= Werribee Plain =

The Werribee Plain is an expansive low-lying flat land located between the northwestern shore of Port Phillip Bay and the Grampians Central Highlands of Victoria, Australia, shared between Melbourne and Geelong. Named after the Werribee River, the plains are notable for their extensive, flat and rather featureless spans, interspersed by the occasional vertical feature, such as the You Yangs, a series of granite ridges and several small extinct volcanoes.

The Werribee Plain forms the eastern bayside portion of the vast Western Volcanic Plains between the Grampians and the Otway Ranges, which extend from the western suburbs of Melbourne to the South Australian border.

==Geology==
Volcanoes began erupting lava flows about 4.5 million years ago, and the youngest eruptions are only about 10,000 years old.
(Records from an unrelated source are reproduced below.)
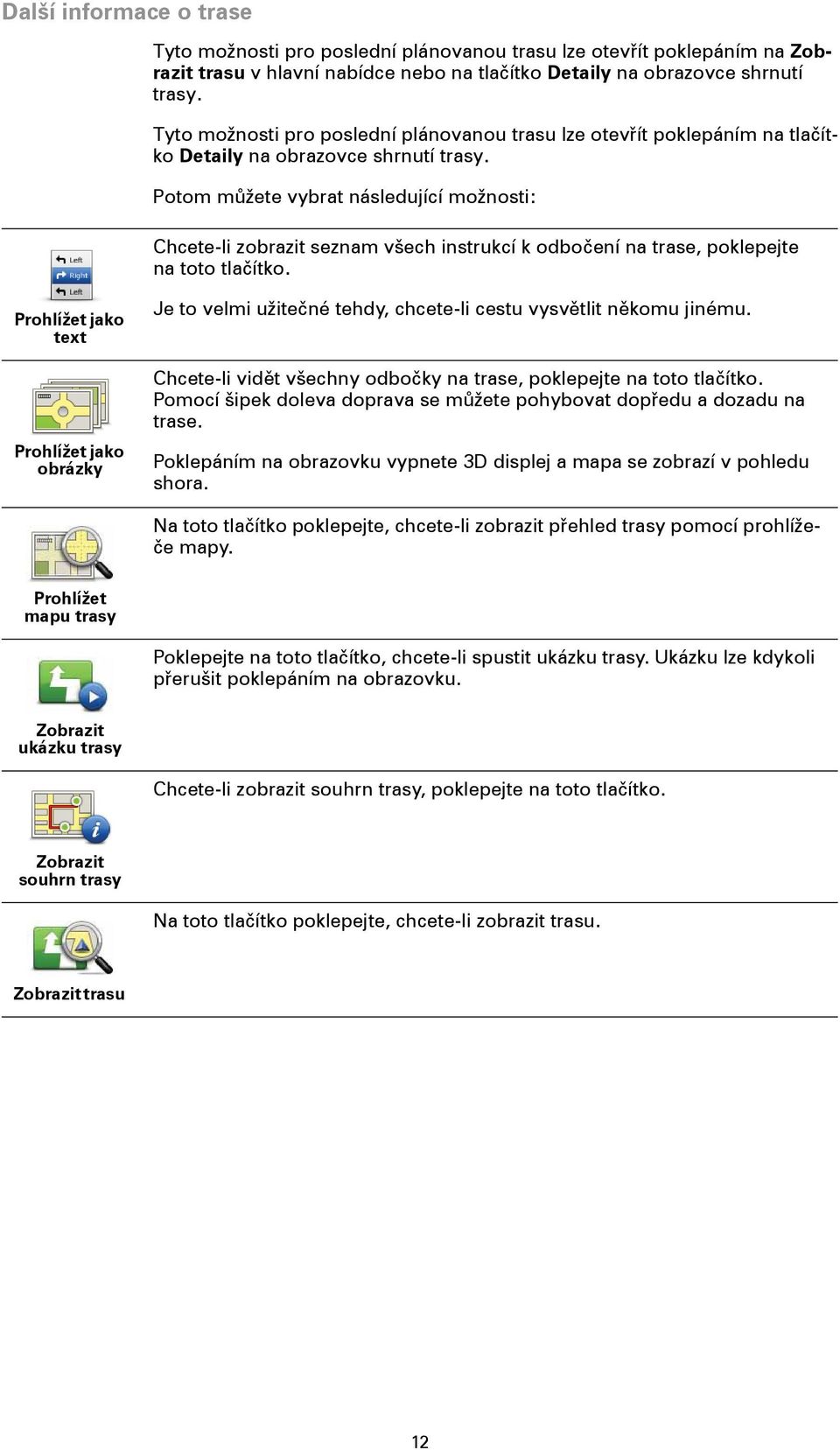 Potom můžete vybrat následující možnosti: Chcete-li zobrazit seznam všech instrukcí k odbočení na trase, poklepejte na toto tlačítko.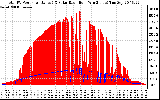 Solar PV/Inverter Performance Total PV Panel Power Output & Solar Radiation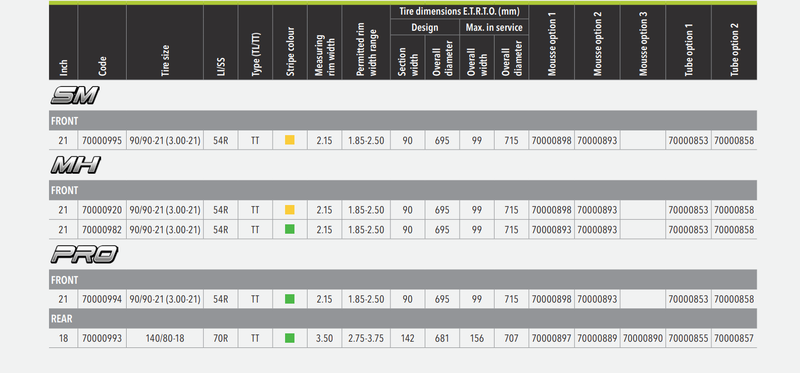 Mitas - Enduro Trail Rally Pro Tire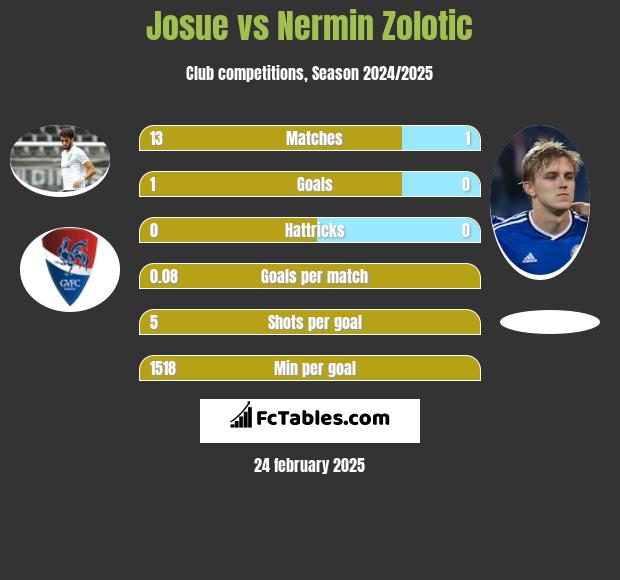 Josue vs Nermin Zolotic h2h player stats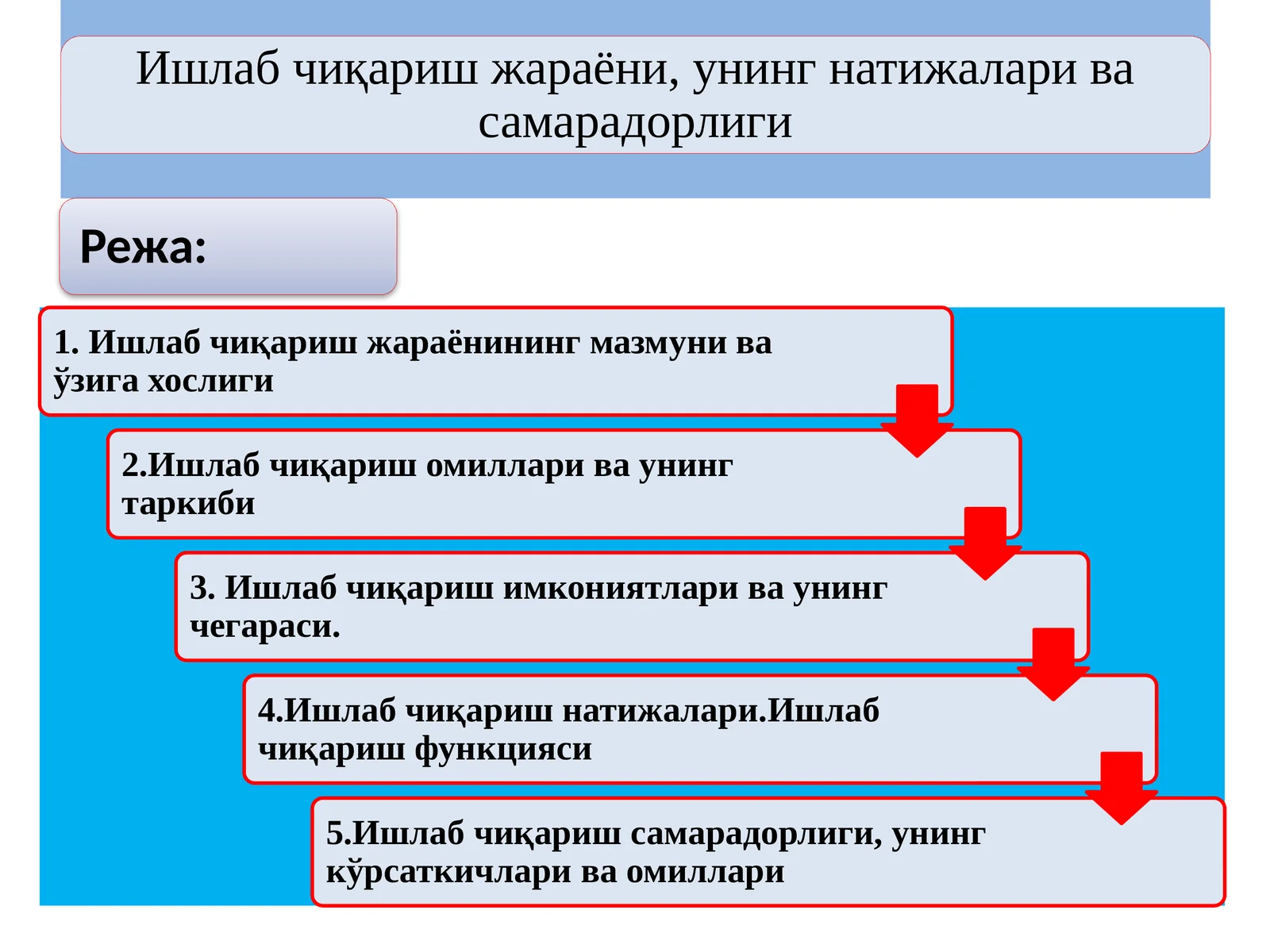 Ишлаб чиқариш жараёнининг мазмуни ва ўзига хослиги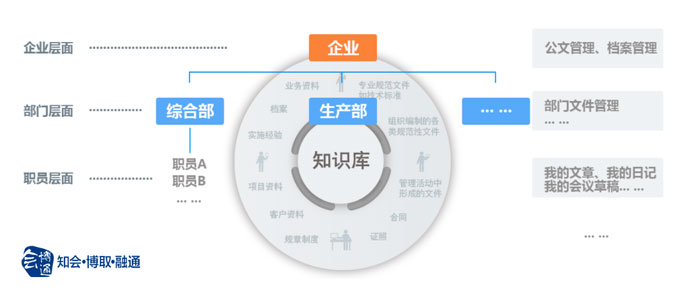 電子文檔管理系統(tǒng)、文檔管理系統(tǒng)軟件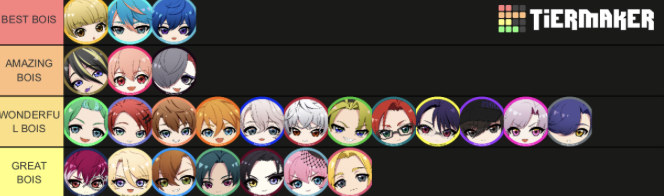 Here’s my AAside/ARGONAVIS tier list :  

       I also apologize for my lack of vocabulary;w; 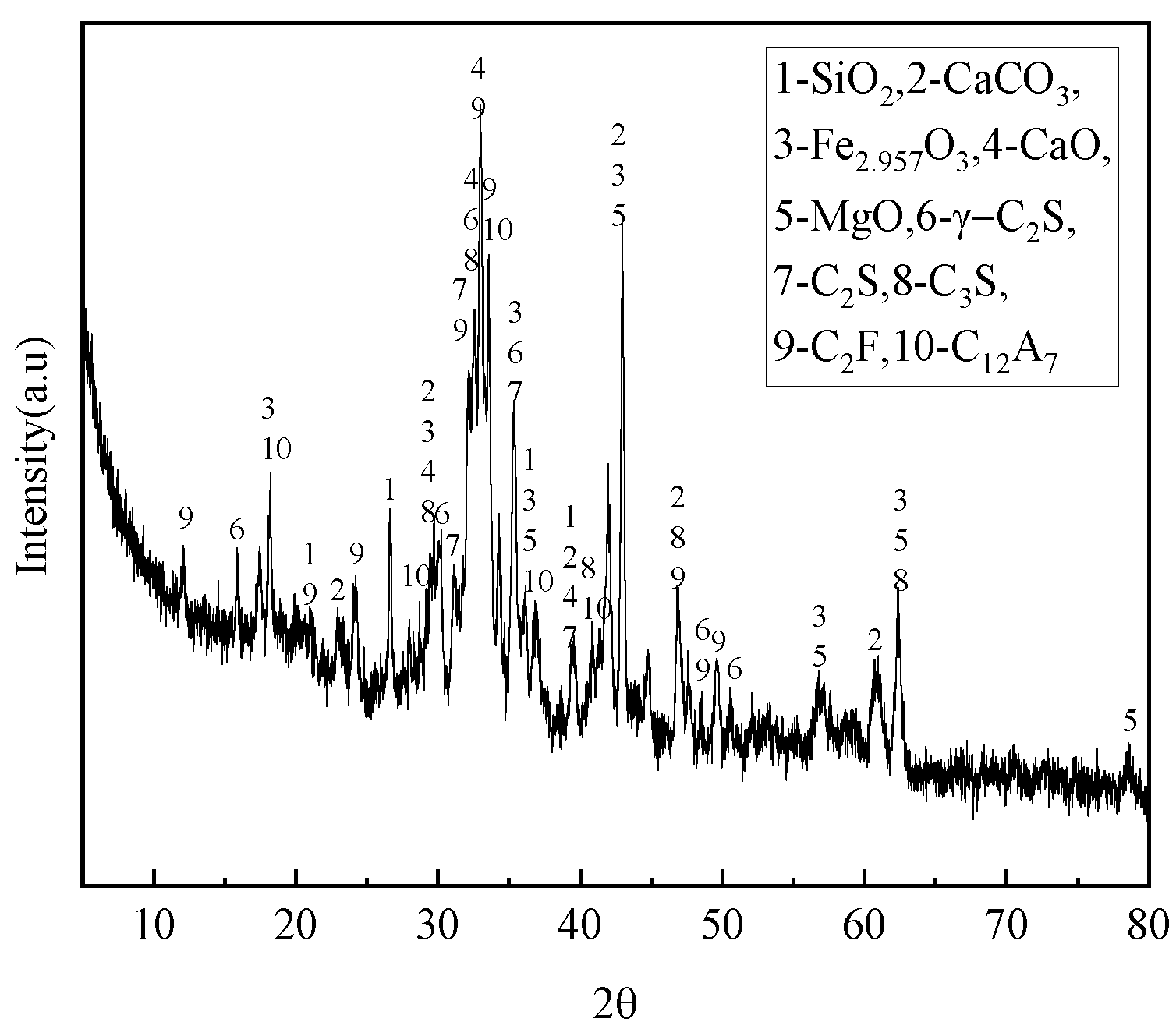 Materials 16 07402 g001
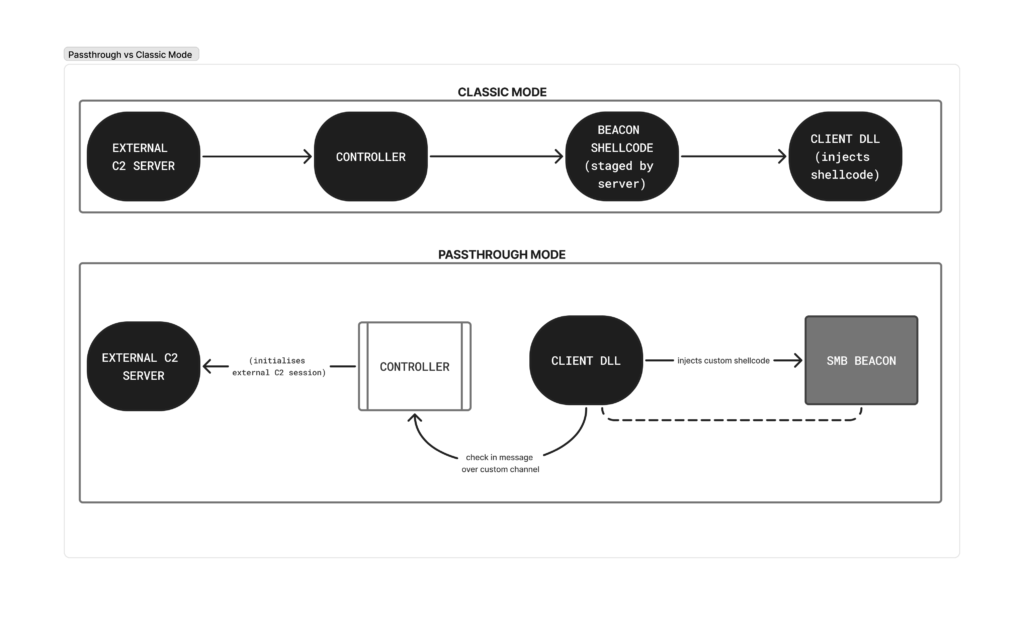 Classic vs Passthrough Cobalt Strike External C2 workflows diagram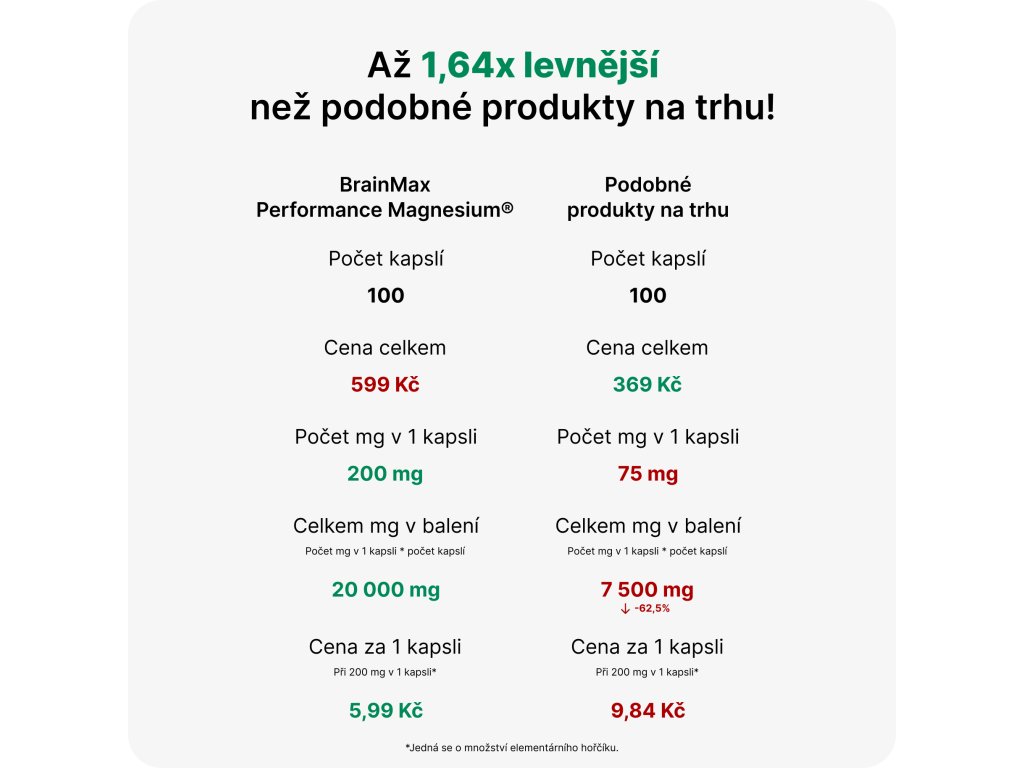 Performance Magnesium 1000 mg 100 tbl. (Hořčík + Vitamín B6) Obrázek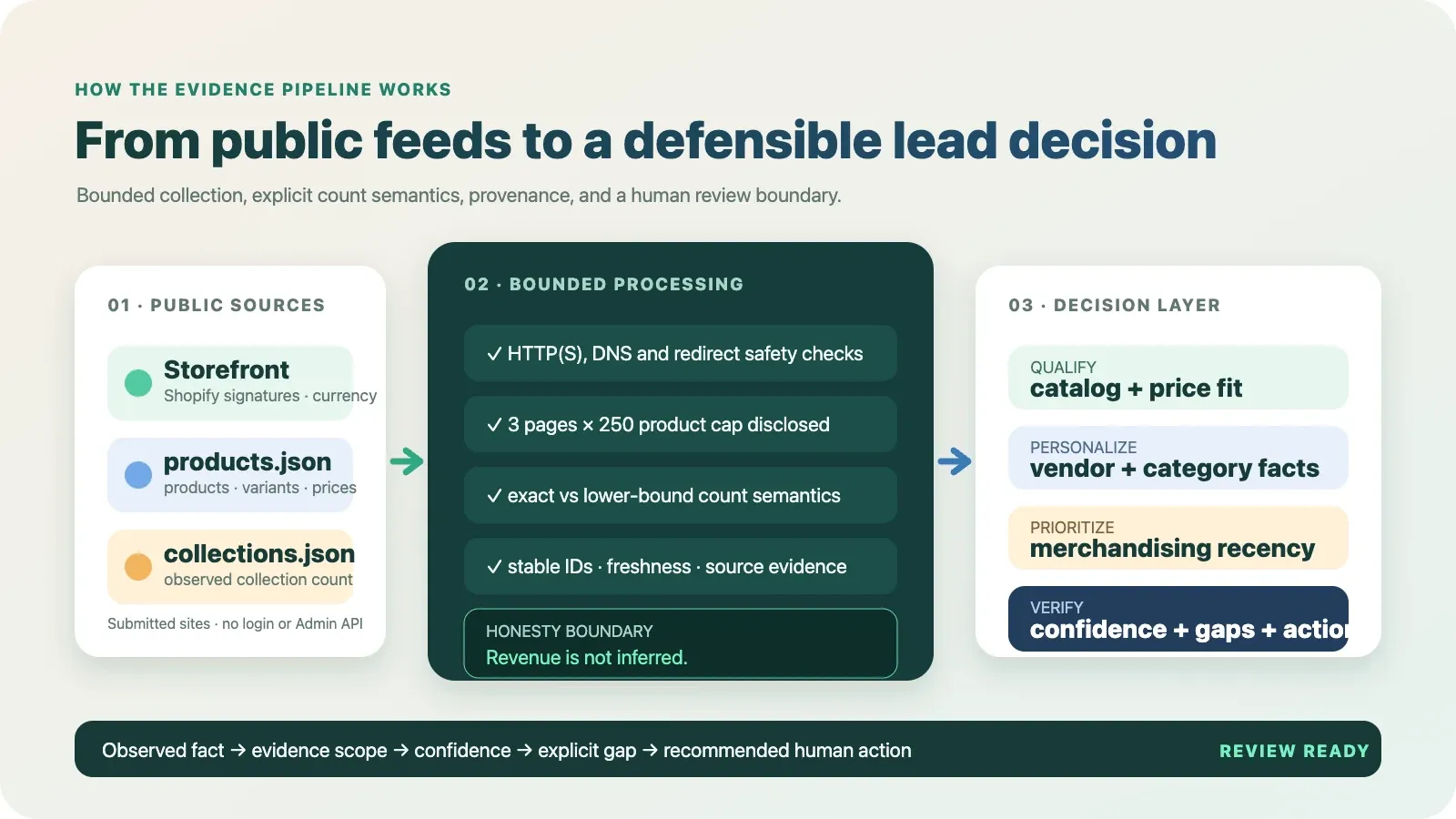 Shopify catalog intelligence workflow from public storefront and Shopify JSON feeds through bounded processing to evidence, confidence, gaps, and review actions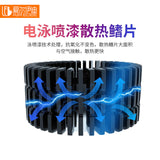 led鳍片工矿灯厂房车间照明灯100w150w工业吊灯仓库球馆灯灯具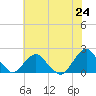 South Chincoteague tide chart for Saturday, July 24, 2021
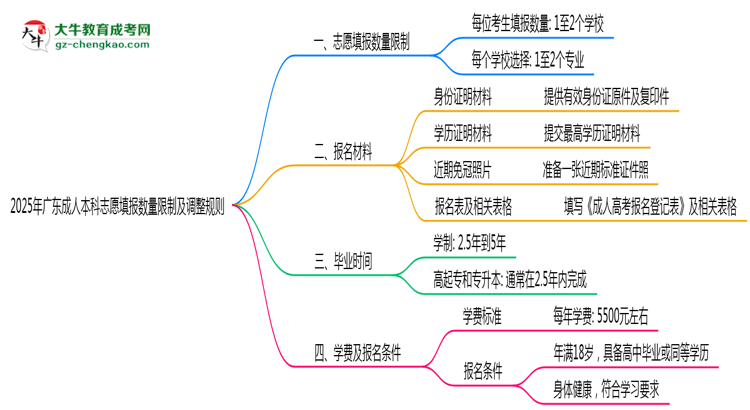 2025年廣東成人本科志愿填報數(shù)量限制及調(diào)整規(guī)則思維導圖
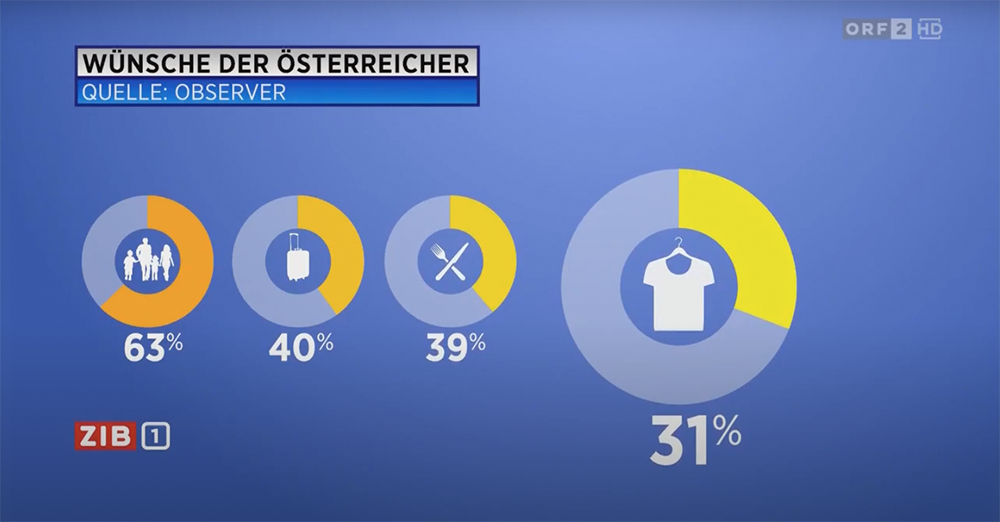 OBSERVER Marktforschung im ORF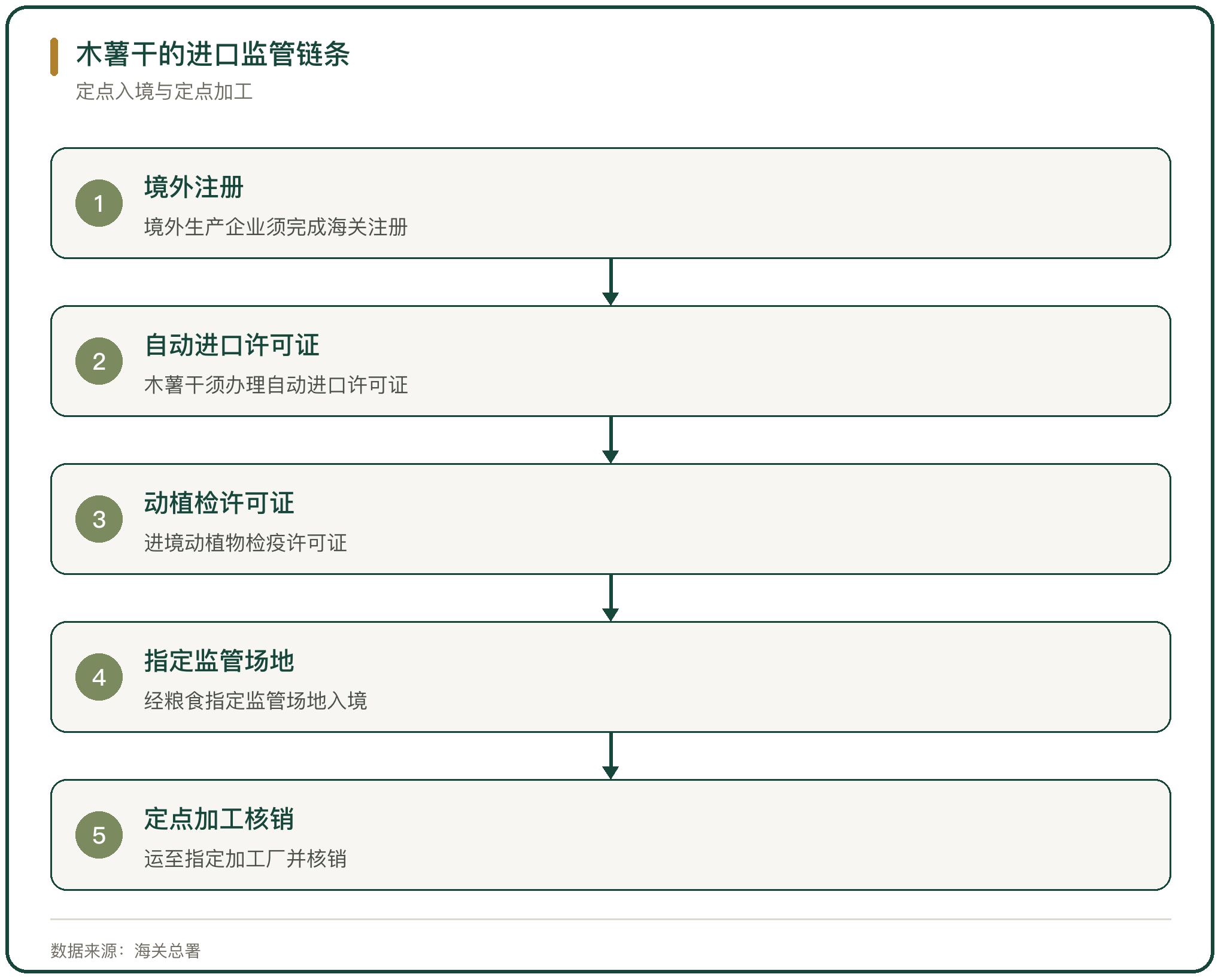 木薯干的进口监管链条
There are over 400 mapped craters and vents on the plains. While all these individual volcanoes are extinct, the volcanic field itself is only dormant, so new eruptions are possible at any time.

The granite that forms the You Yangs was originally a mass of magma that worked its way up into the surrounding sedimentary rocks during a period of geological time known as the Devonian. The magma crystallised before it reached the surface, so it did not produce any volcanic activity. Instead, a very slow cooling rate allowed many large white crystals of feldspar to form. These can be seen in many of the granite outcrops throughout the ranges.

The nearest volcanoes to the You Yangs are the Anakies, which appear as three low hills on the western horizon. These all have summit craters and provided lava flows for the plains south of the You Yangs. There were also flows from the low volcanoes of Bald Hill and Spring Hill to the north of the You Yangs. When these volcanoes were active, probably between 2 and 3 million years ago, the You Yangs would have been granite islands in a sea of lava.